深草は京都盆地の中で早くから稲作が始まった地で、渡来系の豪族秦氏が拠点とした一つといわれる。その秦氏の祖霊として創建されたのが伏見稲荷大社である。「山城国風土記」逸文には秦伊呂具(はたのいろぐ)が餅を的にして矢を射ったら、その餅が白鳥になって飛び立ちこの山に舞い降り、そこに稲が生えたので「イナリ」という名の社を建てたとある。逸文はさらに続く、「大切な餅を的にするなど過ちを犯したことを子孫は悔い、社の木を抜いて家に祭った。植えて根付けば福が来るとされた。」この風習は今にも伝わり、2月の初午大祭で縁起ものである「しるしの杉」が授与されている。

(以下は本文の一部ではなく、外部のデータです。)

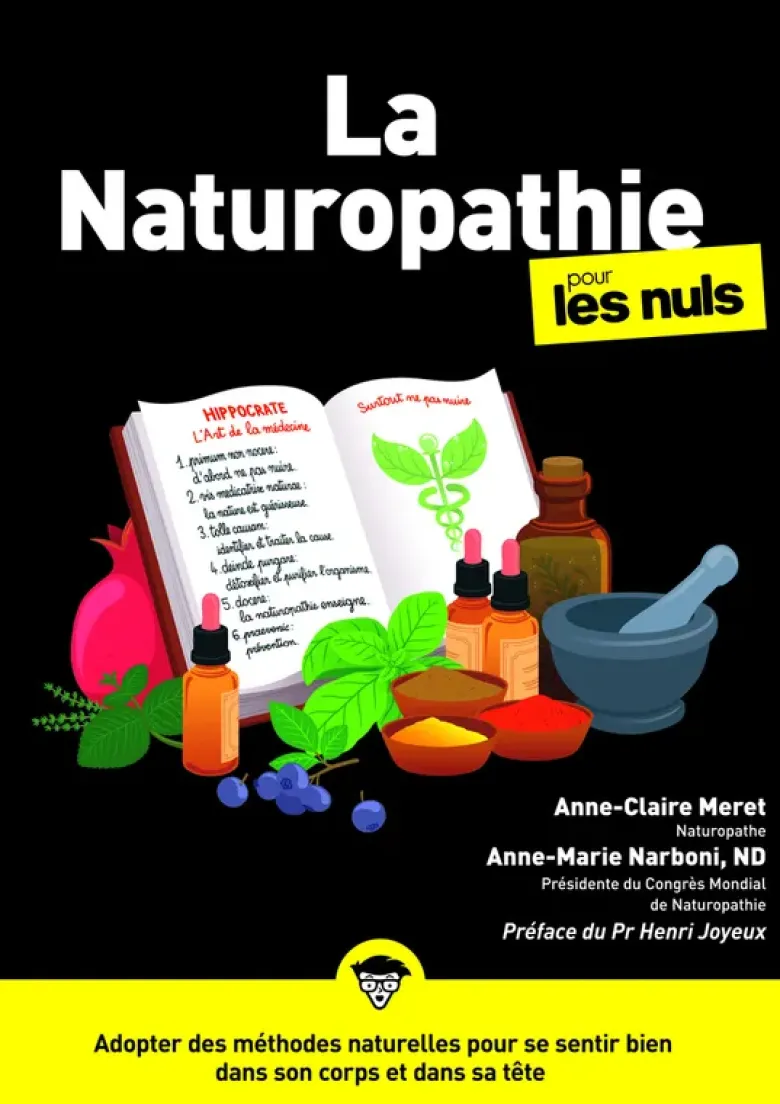 La Naturopathie pour les Nuls, 3e éd.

伏見稲荷大社関連の事柄は京都検定で頻出事項となっている。境内の案内もしたいところなのだが、ご存じのように外国人観光客にとって京都で一番訪れたいところであり一番インスタ映えする人気スポットである。JR稲荷駅から続く参道はまあ原宿みたいに混雑している。私自身ははるか昔一度参拝しただけで、最近の当社の様子を把握していない。ということで詳細は出回っている観光案内書を参考にしてもらおう。
深草は伏見稲荷大社の門前町として栄えてきたことは間違いない。京と伏見を南北に結ぶ道路は、東から伏見街道、師団街道そして竹田街道(国道24号線と重複)がある。水路もあり鴨川運河(琵琶湖疏水)が伏見街道に沿うように走っている。
大社の前を通る道路が伏見街道であり、豊臣秀吉が伏見城に居を移すにあたって、京と結ぶ道として開いたと言われる。江戸時代は人馬の往来も多く賑わいを見せたが、如何せん狭い道路で、近代になり交通運輸の主役は他の2本の道路に譲ることになる。現在は北行一方通行の生活道路になっている。深草の今日訪れる寺社、旧跡はすべて伏見街道沿いにある。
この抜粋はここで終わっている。